WORK INSTRUCTION: From the first line to the last, please print the entries exactly, omitting pictures.

Data items:

-- Opening Marker --

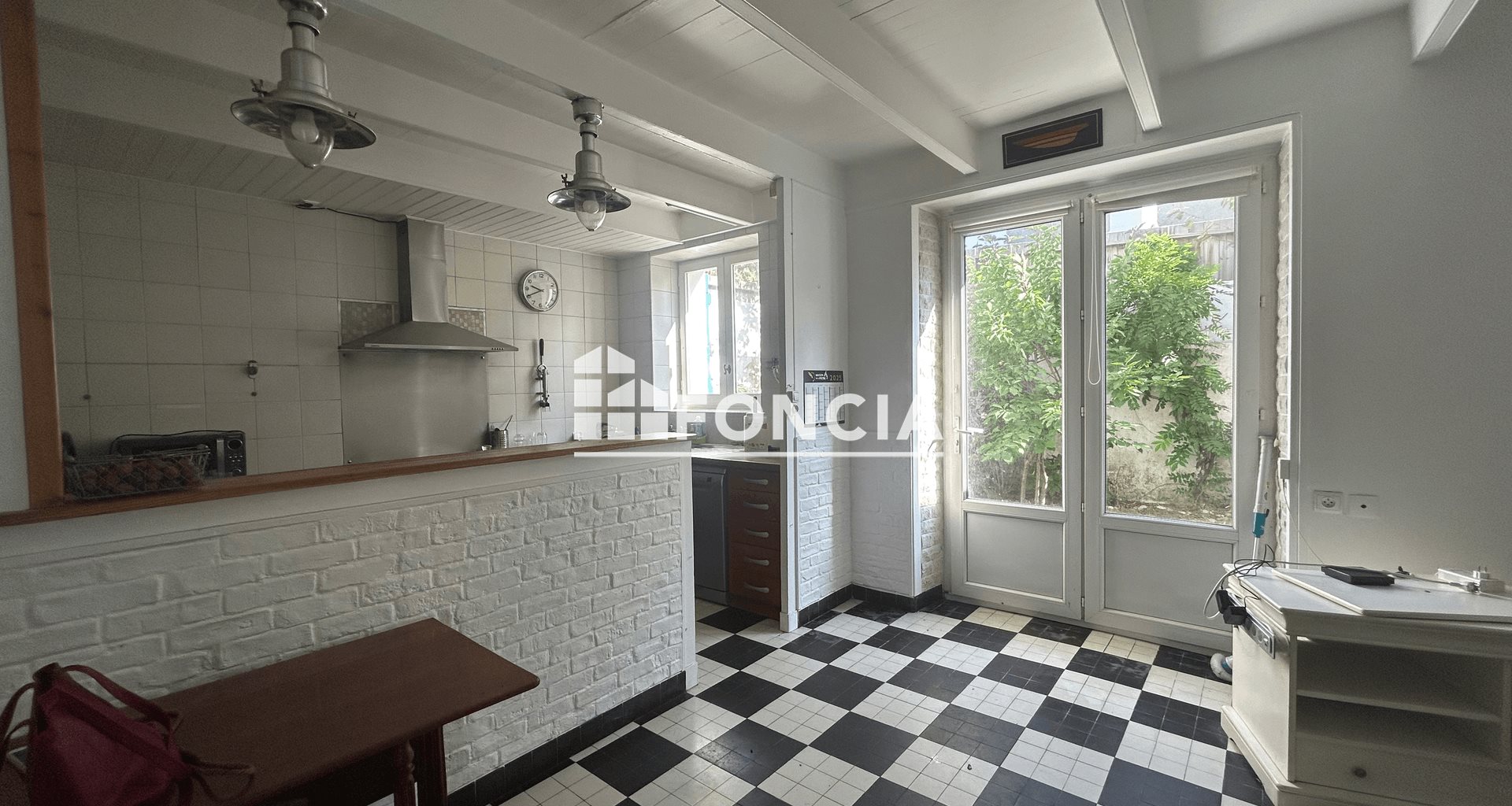 Maison à vendre, 127m², Noirmoutier-en-l'Île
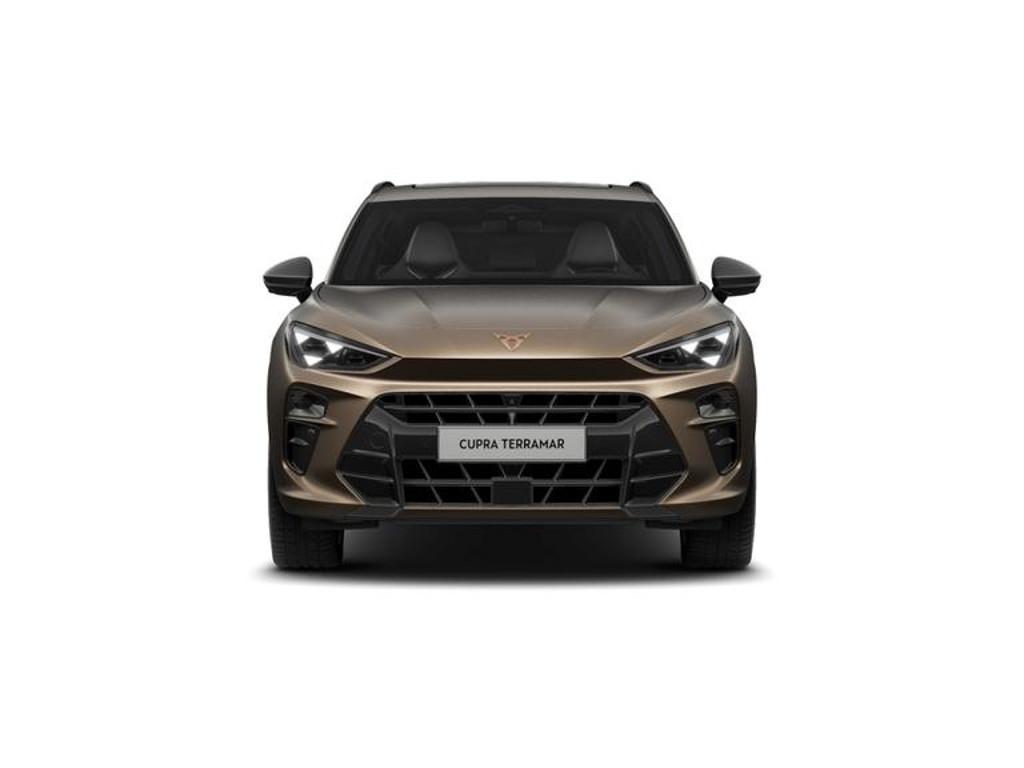 Cupra Terramar 2025 Benzine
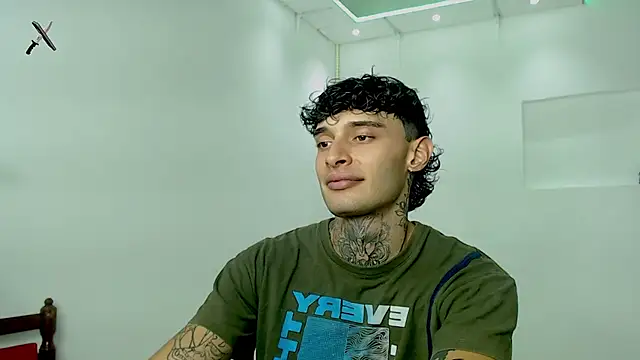 yourxcyberxangel online show from March 6, 3:25 am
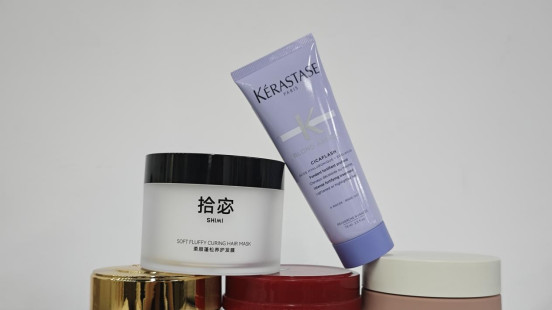 发膜护发素区别在哪？实用测评，怎么买效果最好排行榜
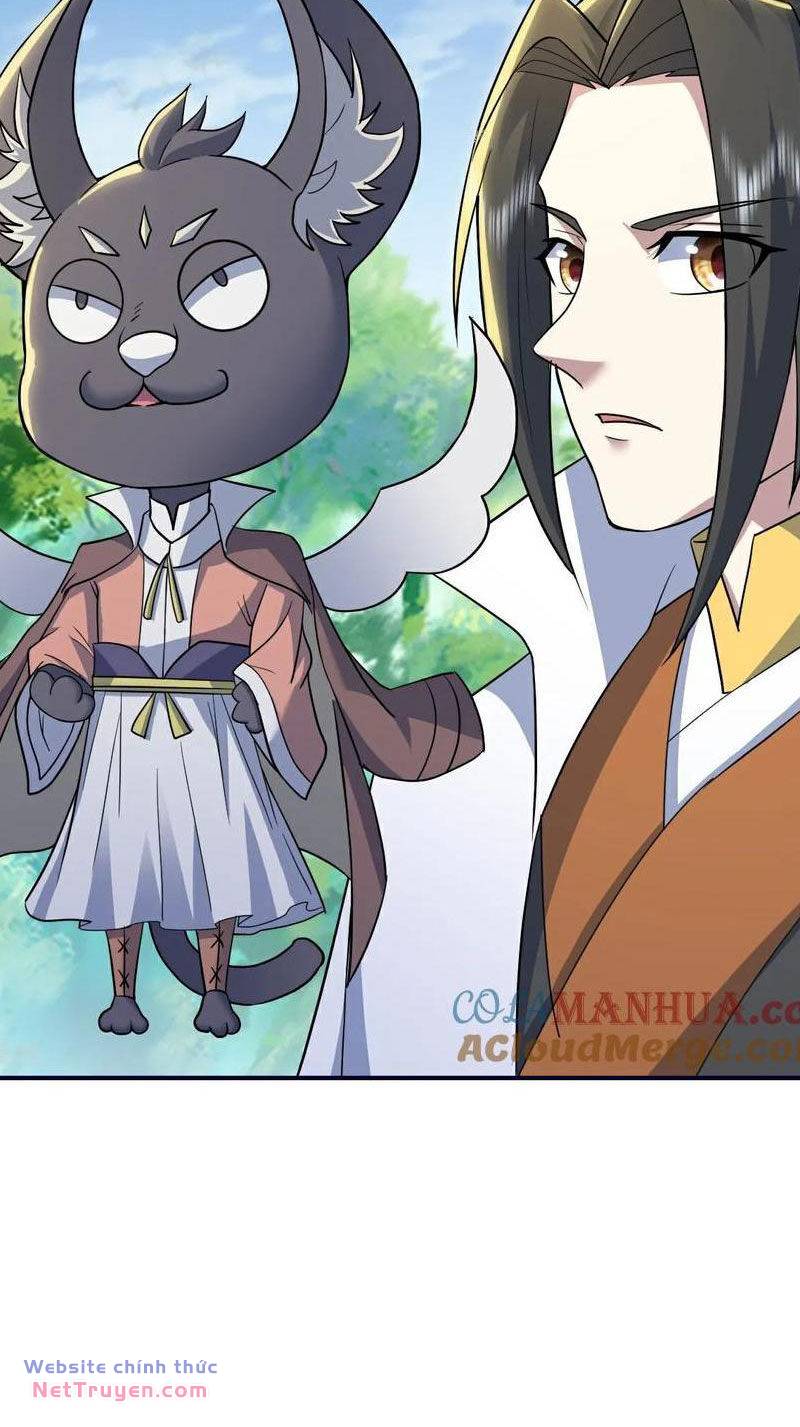 Cái Thế Đế Tôn Chapter 416 - Trang 2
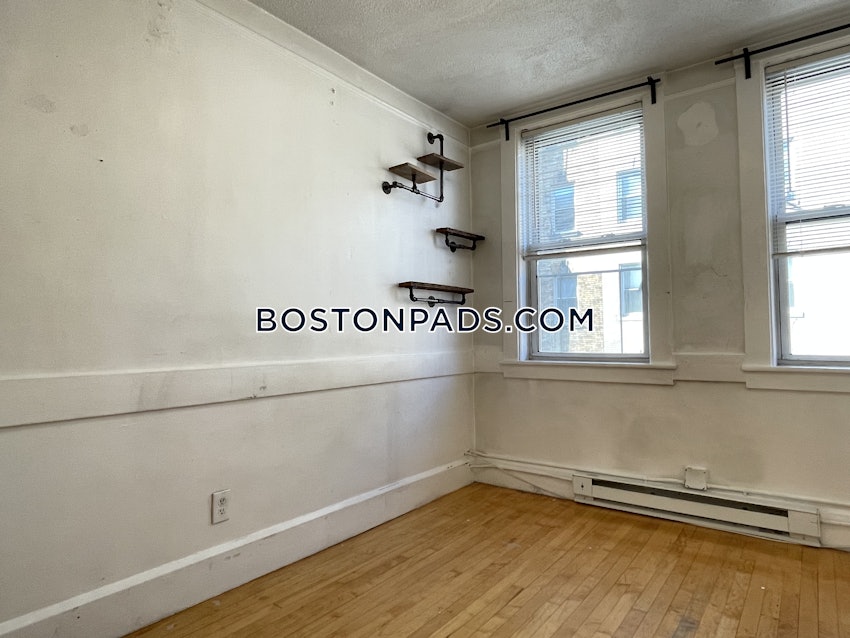 BOSTON - NORTH END - 3 Beds, 1 Bath - Image 41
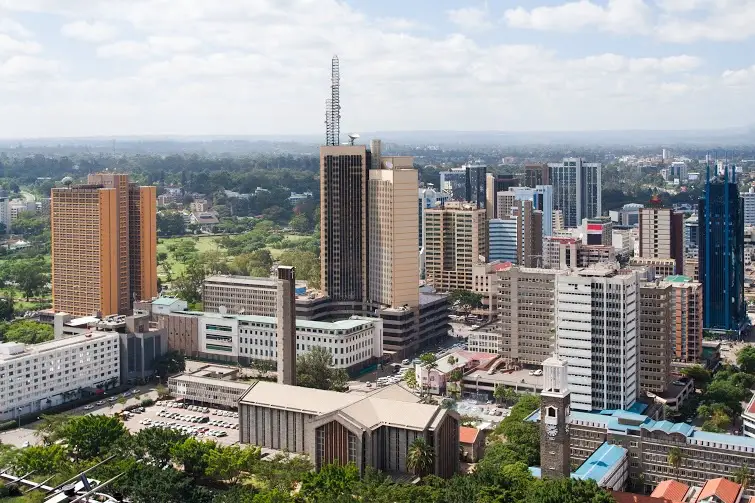 Le Top 5 des villes en Afrique pour investir dans l’immobilier commercial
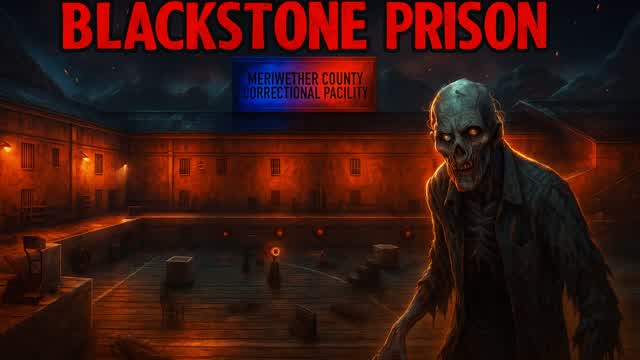 Blackstone Prison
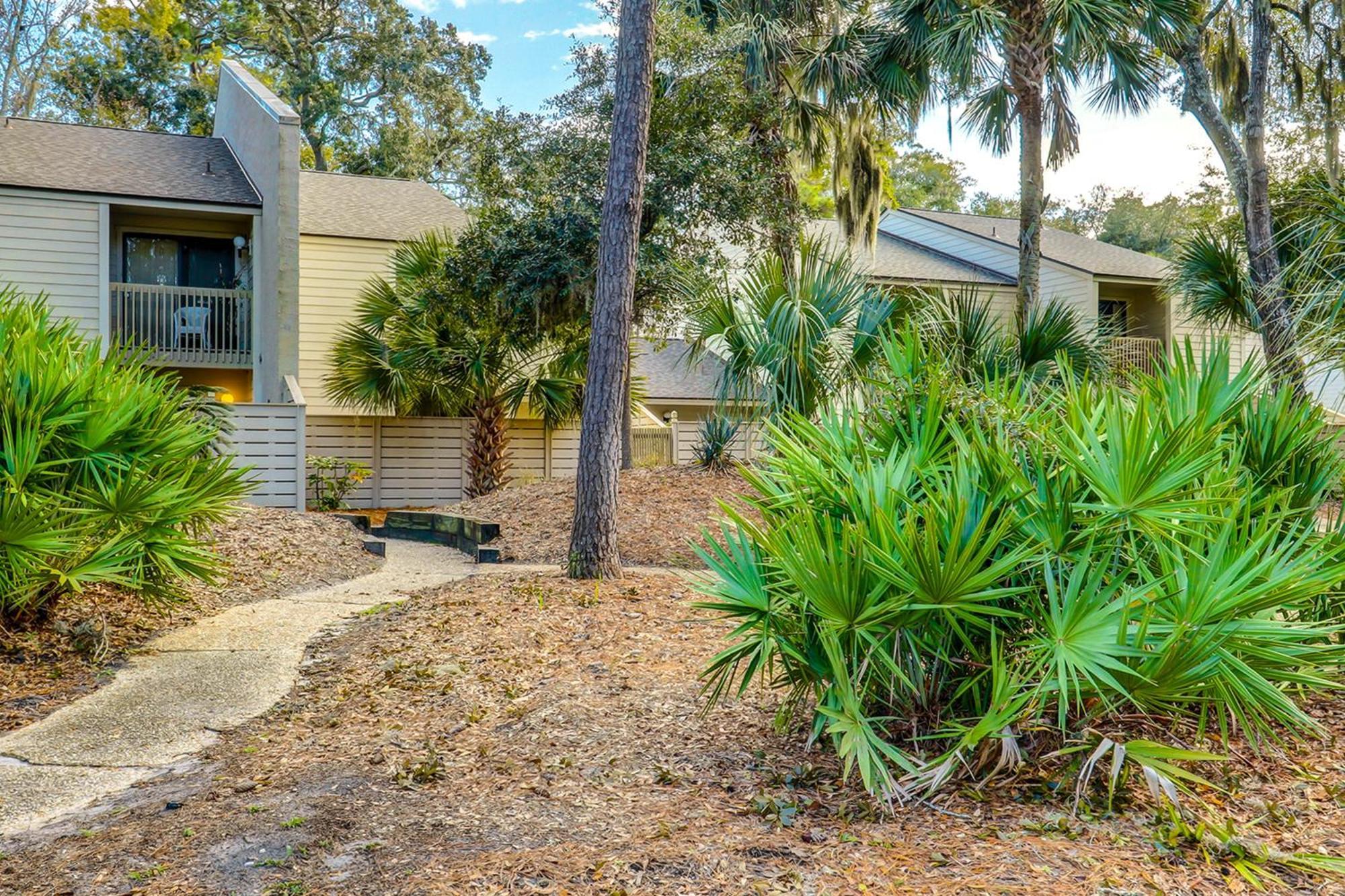 Shipmaster 1301 Villa Hilton Head Island Ngoại thất bức ảnh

-- Closing Marker --

WRITTEN ANSWER:
 Maison à vendre, 127m², Noirmoutier-en-l'Île
 Cupra Terramar 2025 Benzine
 yourxcyberxangel online show from March 6, 3:25 am
 发膜护发素区别在哪？实用测评，怎么买效果最好排行榜
 Cái Thế Đế Tôn Chapter 416 - Trang 2
 BOSTON - NORTH END - 3 Beds, 1 Bath - Image 41
 Le Top 5 des villes en Afrique pour investir dans l’immobilier commercial
 Blackstone Prison
 Shipmaster 1301 Villa Hilton Head Island Ngoại thất bức ảnh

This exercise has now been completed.